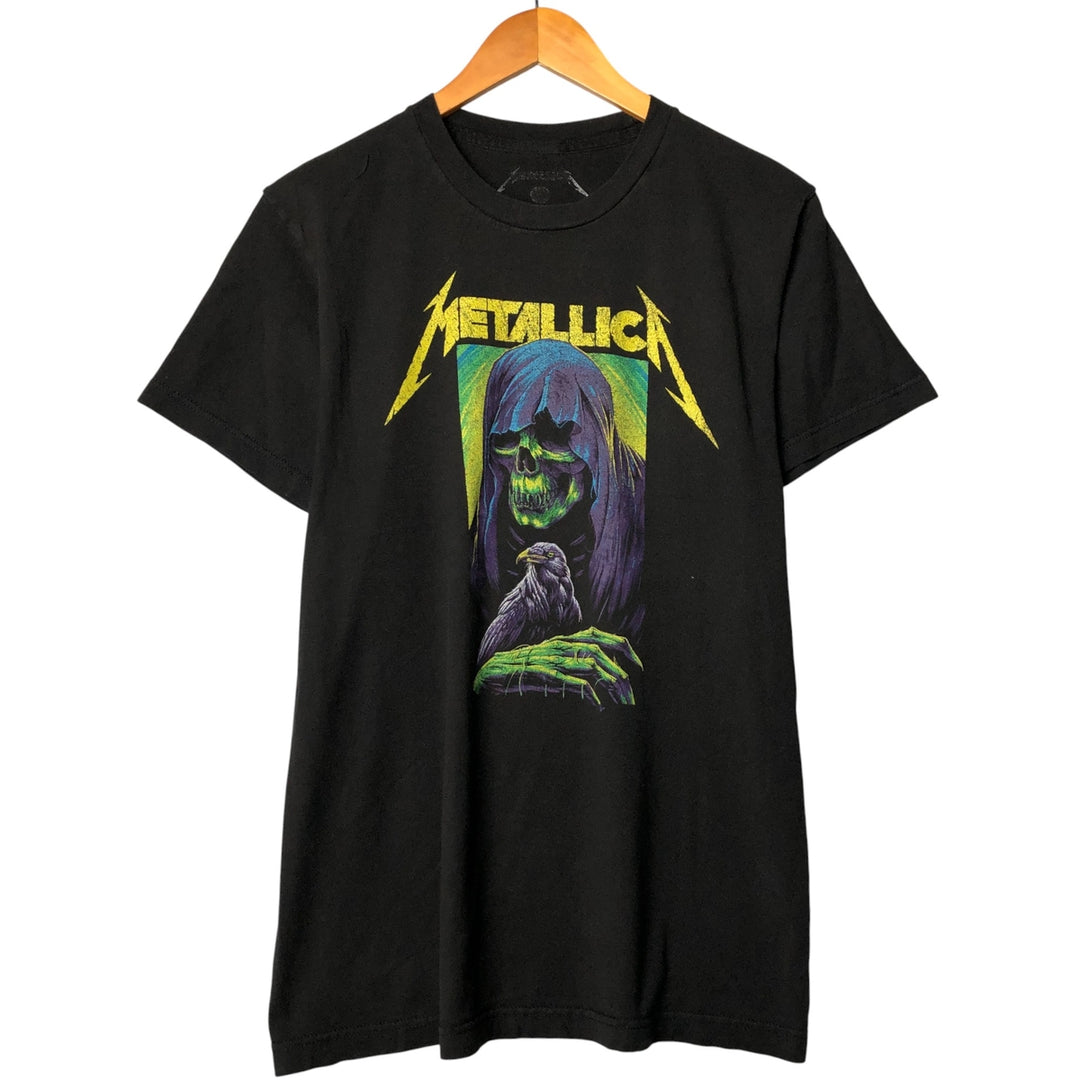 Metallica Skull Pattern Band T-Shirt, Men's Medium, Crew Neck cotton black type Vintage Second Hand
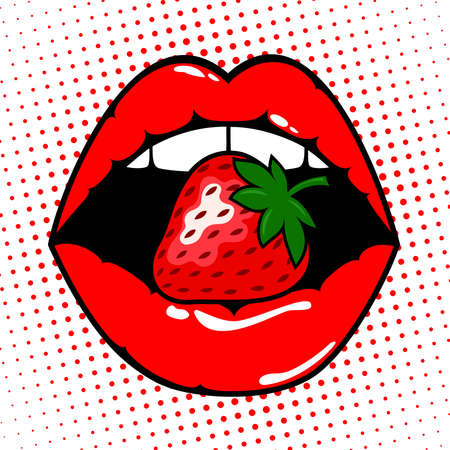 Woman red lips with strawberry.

...

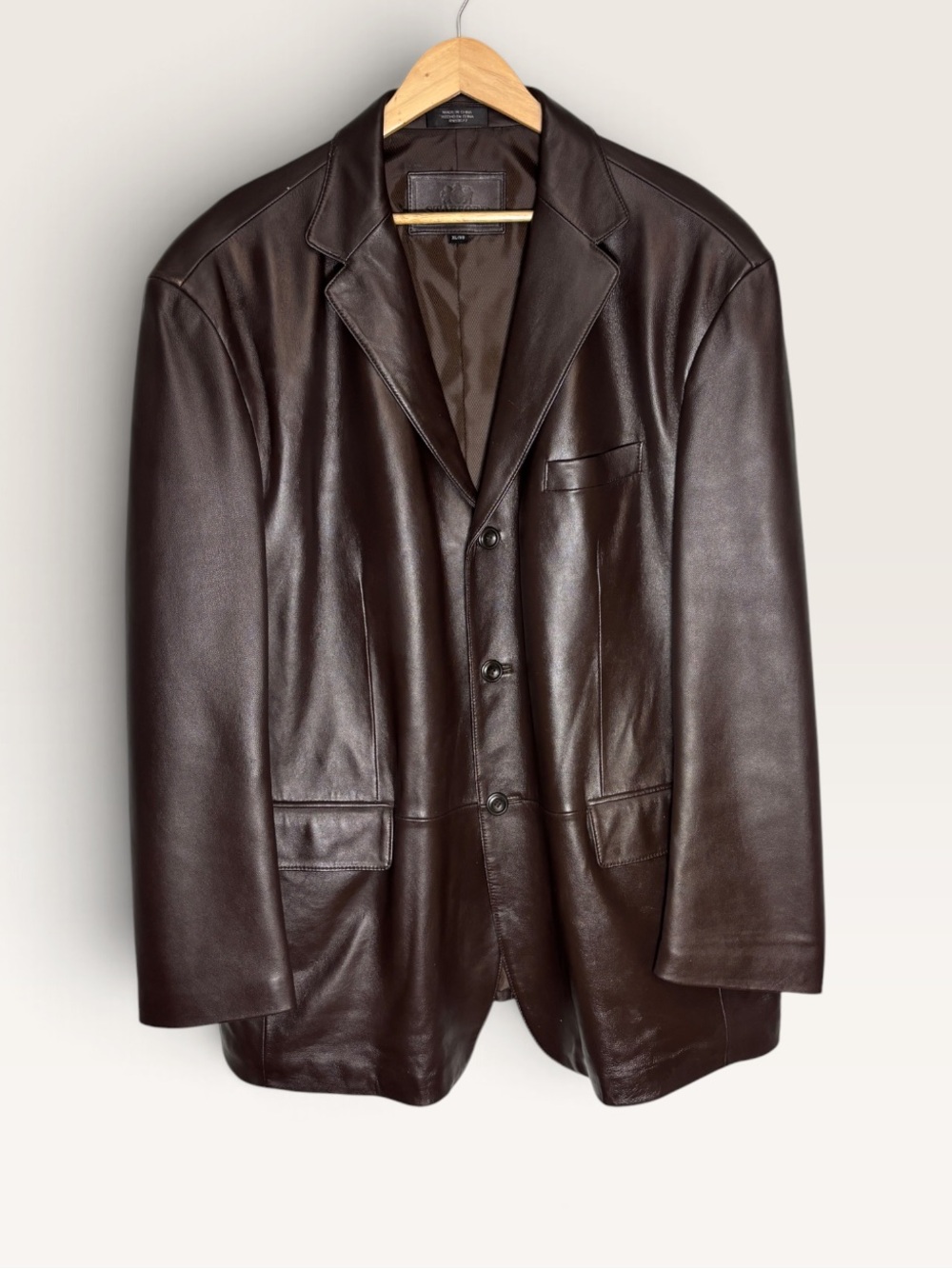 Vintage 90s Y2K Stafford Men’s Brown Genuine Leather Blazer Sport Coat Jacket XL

» **What you have to do**:
Look back at the data above, then output exactly the lines from the line holding "Metallica Skull Pattern" up to and including the line holding "Woman red lips with strawberry.". Leave out the pictures.

» **Result of the exercise**:
 Metallica Skull Pattern Band T-Shirt, Men's Medium, Crew Neck cotton black type Vintage Second Hand
 Woman red lips with strawberry.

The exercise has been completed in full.